- **DATA EXTRACT**:
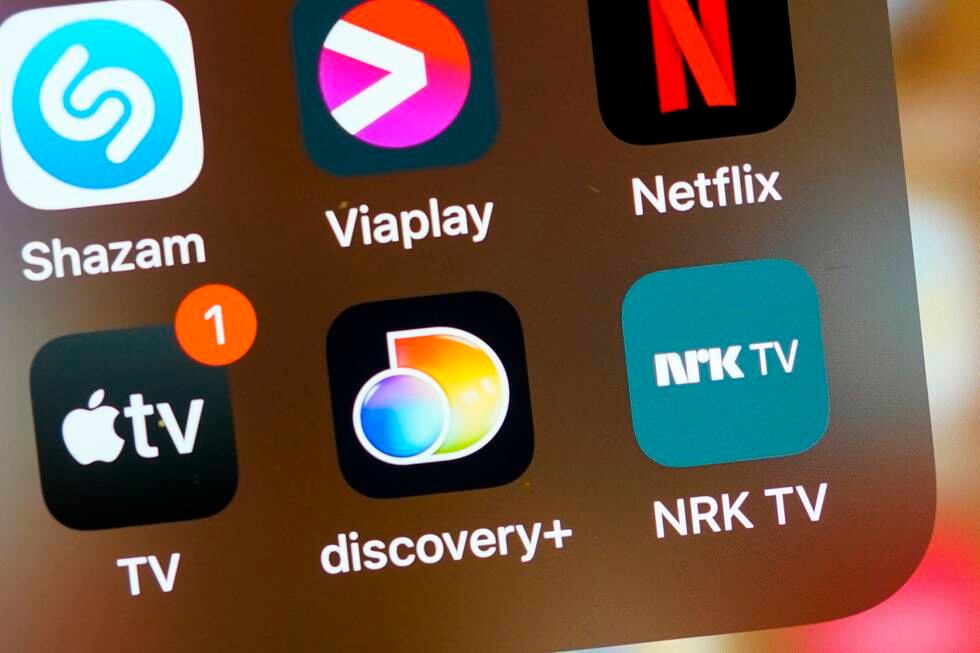 Bildet viser et skjermbilde av appene til Apple TV, Viaplay, Discovery, Netflix og NRK TV. Discovery+ er en populær strømmetjeneste. Den har samme eier som HBO Max, og nå slås de to sammen til én plattform.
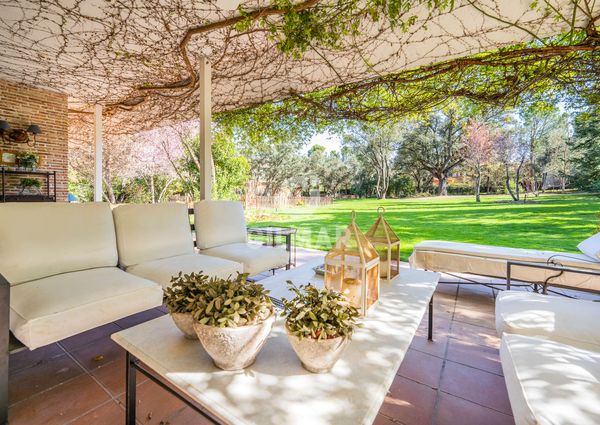 Villa house for rent in Ciudalcampo – Madrid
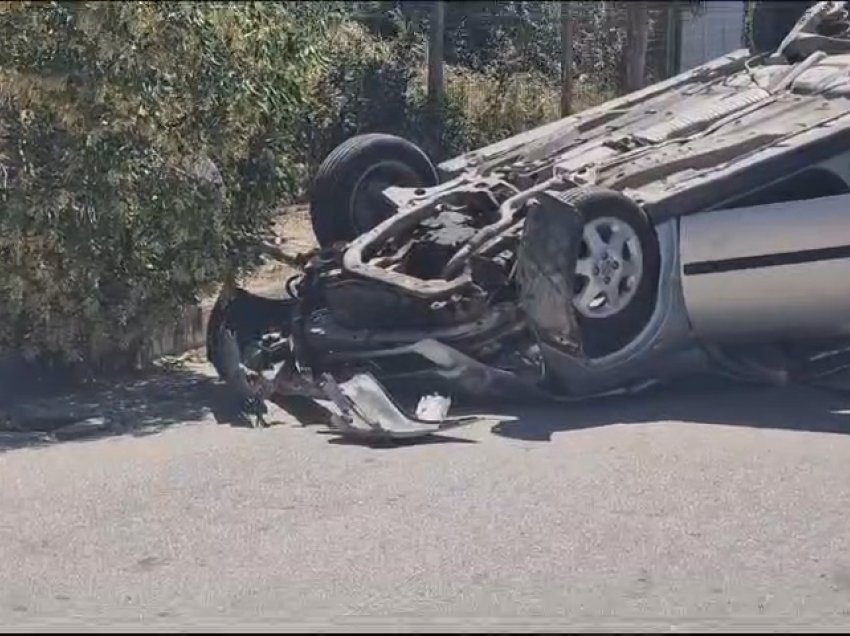 Aksident i rëndë në Vlorë, makina përplaset me pemën dhe përmbyset, plagoset shoferi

- **THE PROBLEM**:
Give the material above again exactly as it stands, minus any images.

- **RESPONSE FOR THIS EXERCISE**:
 Bildet viser et skjermbilde av appene til Apple TV, Viaplay, Discovery, Netflix og NRK TV. Discovery+ er en populær strømmetjeneste. Den har samme eier som HBO Max, og nå slås de to sammen til én plattform.
 Villa house for rent in Ciudalcampo – Madrid
 Aksident i rëndë në Vlorë, makina përplaset me pemën dhe përmbyset, plagoset shoferi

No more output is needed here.